Description of the task: In the material below, identify each line bearing the word "Crochet". Reproduce those lines.

Data records:
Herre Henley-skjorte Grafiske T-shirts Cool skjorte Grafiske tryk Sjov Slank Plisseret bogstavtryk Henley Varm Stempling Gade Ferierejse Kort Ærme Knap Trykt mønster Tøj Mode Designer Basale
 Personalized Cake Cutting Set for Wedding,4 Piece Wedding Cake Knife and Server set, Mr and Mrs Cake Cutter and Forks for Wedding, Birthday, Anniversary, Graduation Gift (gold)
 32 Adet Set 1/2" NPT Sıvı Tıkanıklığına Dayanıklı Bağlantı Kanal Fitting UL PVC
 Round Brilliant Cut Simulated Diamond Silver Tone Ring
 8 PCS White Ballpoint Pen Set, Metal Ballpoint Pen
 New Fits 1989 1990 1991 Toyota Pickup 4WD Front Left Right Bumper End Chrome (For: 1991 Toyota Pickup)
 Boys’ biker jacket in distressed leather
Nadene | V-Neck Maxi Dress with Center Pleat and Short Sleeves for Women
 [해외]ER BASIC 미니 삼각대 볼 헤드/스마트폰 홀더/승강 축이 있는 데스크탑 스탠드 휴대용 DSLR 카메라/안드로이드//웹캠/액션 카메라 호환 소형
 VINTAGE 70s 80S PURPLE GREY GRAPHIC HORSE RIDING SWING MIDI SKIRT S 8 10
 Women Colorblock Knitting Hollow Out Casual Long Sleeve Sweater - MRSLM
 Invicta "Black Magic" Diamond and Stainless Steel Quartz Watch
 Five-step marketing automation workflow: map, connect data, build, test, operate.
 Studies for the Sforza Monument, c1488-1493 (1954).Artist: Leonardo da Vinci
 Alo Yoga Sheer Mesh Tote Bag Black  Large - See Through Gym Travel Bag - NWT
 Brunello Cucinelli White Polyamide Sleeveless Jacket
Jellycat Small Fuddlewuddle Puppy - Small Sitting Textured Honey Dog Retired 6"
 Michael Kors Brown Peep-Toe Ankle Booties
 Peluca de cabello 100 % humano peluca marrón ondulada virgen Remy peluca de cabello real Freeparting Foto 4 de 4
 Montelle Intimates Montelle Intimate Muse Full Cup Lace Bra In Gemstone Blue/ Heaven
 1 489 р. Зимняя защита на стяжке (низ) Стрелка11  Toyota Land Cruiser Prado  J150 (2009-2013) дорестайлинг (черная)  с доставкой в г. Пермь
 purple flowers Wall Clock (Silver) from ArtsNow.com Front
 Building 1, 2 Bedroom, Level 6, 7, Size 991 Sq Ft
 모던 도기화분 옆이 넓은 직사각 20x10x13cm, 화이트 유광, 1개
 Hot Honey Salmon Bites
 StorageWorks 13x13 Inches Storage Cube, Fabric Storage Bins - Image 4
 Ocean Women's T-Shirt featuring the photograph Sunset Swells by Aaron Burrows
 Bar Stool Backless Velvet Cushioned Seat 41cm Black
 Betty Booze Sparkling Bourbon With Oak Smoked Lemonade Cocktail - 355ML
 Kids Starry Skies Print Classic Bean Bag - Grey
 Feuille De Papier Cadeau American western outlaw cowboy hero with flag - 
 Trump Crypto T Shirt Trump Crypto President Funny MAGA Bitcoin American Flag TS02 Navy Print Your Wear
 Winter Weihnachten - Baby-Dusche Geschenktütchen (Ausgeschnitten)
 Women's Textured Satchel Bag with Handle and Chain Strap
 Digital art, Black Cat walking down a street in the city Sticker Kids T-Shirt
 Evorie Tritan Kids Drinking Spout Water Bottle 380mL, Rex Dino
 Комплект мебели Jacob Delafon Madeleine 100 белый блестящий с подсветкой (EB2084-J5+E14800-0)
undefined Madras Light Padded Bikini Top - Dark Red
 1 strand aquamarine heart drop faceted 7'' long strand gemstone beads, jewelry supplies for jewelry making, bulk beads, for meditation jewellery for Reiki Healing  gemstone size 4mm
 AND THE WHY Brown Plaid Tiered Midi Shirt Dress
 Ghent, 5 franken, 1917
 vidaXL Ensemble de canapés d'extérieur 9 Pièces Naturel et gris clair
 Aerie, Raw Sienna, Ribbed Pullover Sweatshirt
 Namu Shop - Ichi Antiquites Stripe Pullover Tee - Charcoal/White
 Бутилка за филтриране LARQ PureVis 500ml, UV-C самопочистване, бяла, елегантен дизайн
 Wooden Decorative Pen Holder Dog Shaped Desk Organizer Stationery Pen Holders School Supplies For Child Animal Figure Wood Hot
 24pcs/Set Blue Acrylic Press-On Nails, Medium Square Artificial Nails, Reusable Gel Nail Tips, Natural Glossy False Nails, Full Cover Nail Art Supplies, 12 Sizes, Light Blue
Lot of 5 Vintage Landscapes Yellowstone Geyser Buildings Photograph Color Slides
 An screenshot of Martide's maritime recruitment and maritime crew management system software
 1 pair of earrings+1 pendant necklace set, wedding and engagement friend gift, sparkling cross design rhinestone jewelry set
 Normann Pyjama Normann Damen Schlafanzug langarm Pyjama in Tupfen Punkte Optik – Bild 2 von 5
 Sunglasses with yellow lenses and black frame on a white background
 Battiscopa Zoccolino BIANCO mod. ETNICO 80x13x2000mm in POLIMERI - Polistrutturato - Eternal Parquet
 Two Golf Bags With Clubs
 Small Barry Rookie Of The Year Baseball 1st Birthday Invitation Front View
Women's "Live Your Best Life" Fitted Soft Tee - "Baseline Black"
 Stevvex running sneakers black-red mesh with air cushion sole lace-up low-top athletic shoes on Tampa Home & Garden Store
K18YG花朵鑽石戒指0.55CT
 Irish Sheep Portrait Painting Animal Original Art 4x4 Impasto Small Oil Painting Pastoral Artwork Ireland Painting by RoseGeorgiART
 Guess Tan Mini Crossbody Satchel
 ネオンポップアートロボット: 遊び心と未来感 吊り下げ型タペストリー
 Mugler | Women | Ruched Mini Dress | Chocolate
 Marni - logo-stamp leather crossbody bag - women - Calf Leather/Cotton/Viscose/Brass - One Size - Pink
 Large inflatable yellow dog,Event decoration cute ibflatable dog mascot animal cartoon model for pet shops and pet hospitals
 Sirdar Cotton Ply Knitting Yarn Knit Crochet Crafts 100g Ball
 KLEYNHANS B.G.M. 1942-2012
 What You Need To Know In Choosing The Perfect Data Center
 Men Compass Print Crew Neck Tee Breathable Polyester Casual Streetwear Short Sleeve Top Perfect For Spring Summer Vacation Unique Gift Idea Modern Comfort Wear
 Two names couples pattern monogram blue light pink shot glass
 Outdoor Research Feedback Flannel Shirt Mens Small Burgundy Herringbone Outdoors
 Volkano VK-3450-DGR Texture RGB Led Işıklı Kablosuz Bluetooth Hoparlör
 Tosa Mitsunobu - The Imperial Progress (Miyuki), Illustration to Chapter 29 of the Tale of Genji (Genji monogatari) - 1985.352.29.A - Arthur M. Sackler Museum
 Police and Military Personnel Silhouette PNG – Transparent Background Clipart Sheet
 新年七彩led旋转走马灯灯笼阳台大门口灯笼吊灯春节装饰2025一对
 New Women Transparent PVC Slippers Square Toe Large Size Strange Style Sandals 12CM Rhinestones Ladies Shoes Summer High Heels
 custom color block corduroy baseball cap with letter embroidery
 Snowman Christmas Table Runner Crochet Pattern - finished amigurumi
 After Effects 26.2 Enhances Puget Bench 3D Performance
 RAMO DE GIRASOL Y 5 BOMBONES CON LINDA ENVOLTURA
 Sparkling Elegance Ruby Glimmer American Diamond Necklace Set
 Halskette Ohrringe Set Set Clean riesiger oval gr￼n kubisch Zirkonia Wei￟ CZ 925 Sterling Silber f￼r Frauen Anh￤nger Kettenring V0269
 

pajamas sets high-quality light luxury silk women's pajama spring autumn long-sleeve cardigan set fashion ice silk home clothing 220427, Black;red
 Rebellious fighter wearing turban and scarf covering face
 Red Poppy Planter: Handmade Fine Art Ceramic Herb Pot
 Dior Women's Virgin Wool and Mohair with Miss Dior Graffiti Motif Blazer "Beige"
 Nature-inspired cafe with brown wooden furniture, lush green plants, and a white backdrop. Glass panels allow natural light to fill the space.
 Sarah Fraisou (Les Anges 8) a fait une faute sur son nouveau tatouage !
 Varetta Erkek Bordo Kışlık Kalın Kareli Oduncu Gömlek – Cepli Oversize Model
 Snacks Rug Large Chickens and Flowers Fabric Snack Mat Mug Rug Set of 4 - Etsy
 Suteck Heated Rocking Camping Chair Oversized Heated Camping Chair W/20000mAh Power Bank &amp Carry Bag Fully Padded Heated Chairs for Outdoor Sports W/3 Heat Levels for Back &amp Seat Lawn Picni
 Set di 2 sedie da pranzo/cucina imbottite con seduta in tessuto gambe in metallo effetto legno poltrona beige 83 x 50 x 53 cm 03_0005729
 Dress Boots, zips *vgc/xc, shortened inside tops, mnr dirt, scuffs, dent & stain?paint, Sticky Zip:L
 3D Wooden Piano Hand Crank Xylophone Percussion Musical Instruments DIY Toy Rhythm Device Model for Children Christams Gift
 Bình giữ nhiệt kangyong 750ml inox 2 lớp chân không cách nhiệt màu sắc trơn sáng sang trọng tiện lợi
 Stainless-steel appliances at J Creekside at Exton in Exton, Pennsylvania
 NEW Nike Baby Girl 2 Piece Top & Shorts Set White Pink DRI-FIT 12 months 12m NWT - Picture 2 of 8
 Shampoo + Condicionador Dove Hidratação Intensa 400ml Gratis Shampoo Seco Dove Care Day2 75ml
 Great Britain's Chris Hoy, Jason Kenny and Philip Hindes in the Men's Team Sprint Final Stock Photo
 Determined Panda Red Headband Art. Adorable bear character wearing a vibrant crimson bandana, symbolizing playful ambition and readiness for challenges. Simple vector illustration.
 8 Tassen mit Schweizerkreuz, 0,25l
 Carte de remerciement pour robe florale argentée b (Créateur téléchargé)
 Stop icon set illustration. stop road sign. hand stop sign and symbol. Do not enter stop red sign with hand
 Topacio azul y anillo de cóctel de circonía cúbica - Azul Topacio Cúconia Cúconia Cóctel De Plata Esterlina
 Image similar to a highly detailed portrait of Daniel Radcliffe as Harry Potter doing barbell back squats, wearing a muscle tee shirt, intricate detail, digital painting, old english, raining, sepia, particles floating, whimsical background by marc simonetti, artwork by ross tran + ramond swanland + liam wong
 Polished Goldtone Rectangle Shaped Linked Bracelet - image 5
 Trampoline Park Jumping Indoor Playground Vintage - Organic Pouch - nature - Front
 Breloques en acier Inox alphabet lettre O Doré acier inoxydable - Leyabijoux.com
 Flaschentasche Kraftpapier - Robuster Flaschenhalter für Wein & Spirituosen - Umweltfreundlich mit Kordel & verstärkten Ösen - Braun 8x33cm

Finished task:
 Sirdar Cotton Ply Knitting Yarn Knit Crochet Crafts 100g Ball
 Snowman Christmas Table Runner Crochet Pattern - finished amigurumi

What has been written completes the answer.